A ser verdade, a presidente acerta nos livros. Diz estar lendo “Sobrados e Mucambos”, de Gilberto Freyre, obra em dois volumes, e “História da Literatura Brasileira”, de Silvio Romero, em cinco. Suponho que está nos respectivos primeiros de ambas as obras. Há uma terceira leitura, a biografia de Alexander Hamilton, primeiro secretário do Tesouro dos EUA — não li e não posso falar a respeito.
Sobre as duas outras obras, aí, sim. Essas eu conheço bem. Freyre, apesar de alguns equívocos que lhe eram soprados pela época, construiu uma teoria a partir da fina observação da realidade, deixando-se, vamos dizer, educar pela realidade, sem preconceitos e visões apriorísticas, como é comum na sociologia. Silvio Romero, crítico e historiador da literatura, chegou a cometer alguns equívocos notáveis, e entre eles estava considerar Tobias Barreto, seu amigo, literariamente superior a Castro Alves, mas era um homem de cultura universal e inteligência organizada, coisa em falta no Brasil recente. De todo modo, alguns cuidados se fazem necessários: em muitos aspectos, Romero e Freyre são antípodas.
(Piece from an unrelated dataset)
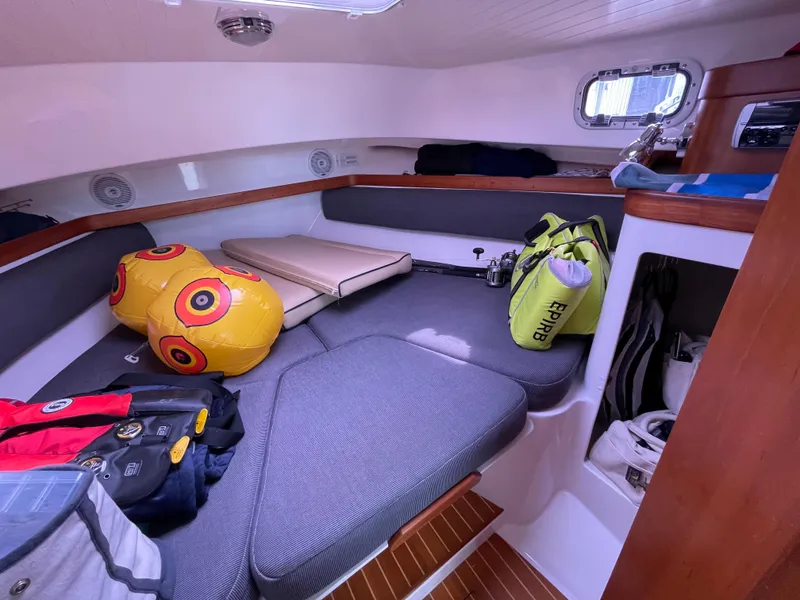 Slide: The Image of 2004 Hunt Yachts Surfhunter 29 bathroom with sink, toilet, and wooden cabinetry. - 13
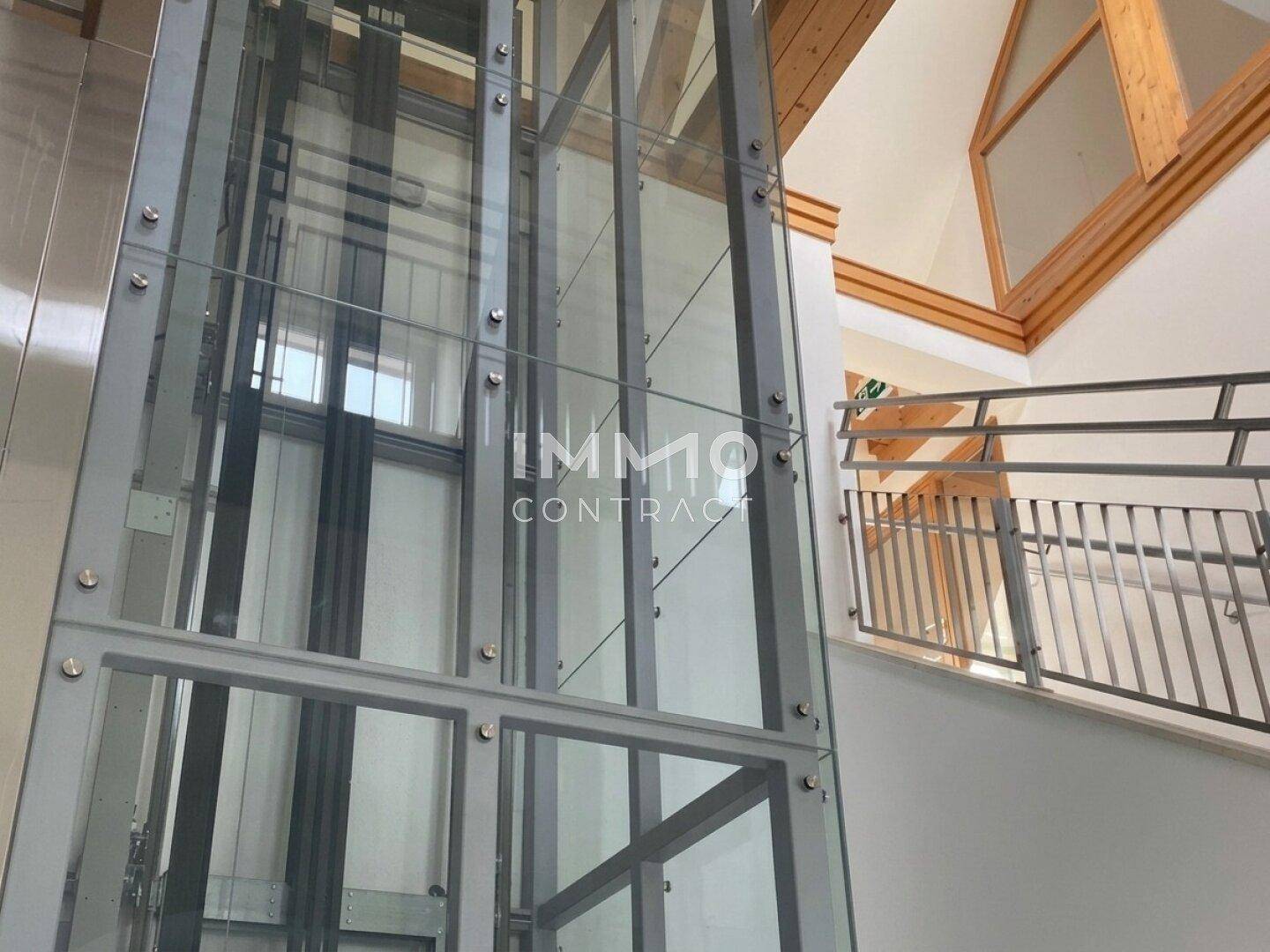 Detailansicht eines modernen Glasaufzugs in einem hellen Treppenhaus mit Holzbalkenstruktur.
Romero, nascido em Sergipe, mas membro destacado da Escola do Recife, ainda se entrega aos devaneios muito próprios do cientificismo do fim do século 19. De todo modo, o primeiro volume de “História da Literatura Brasileira” se encerra com um bom e pequeno ensaio sobre a importância da crítica — em todas as áreas.
Suponho que a presidente tenha resgatado o Freyre e o Romero da boa biblioteca existente no Palácio da Alvorada. Não deixa de ser um alento. Faz tempo que aquele cômodo andava indevassado. E quem sabe Dilma, já que não o PT, aprenda a conviver com a crítica. Silvio Romero pode ajudar.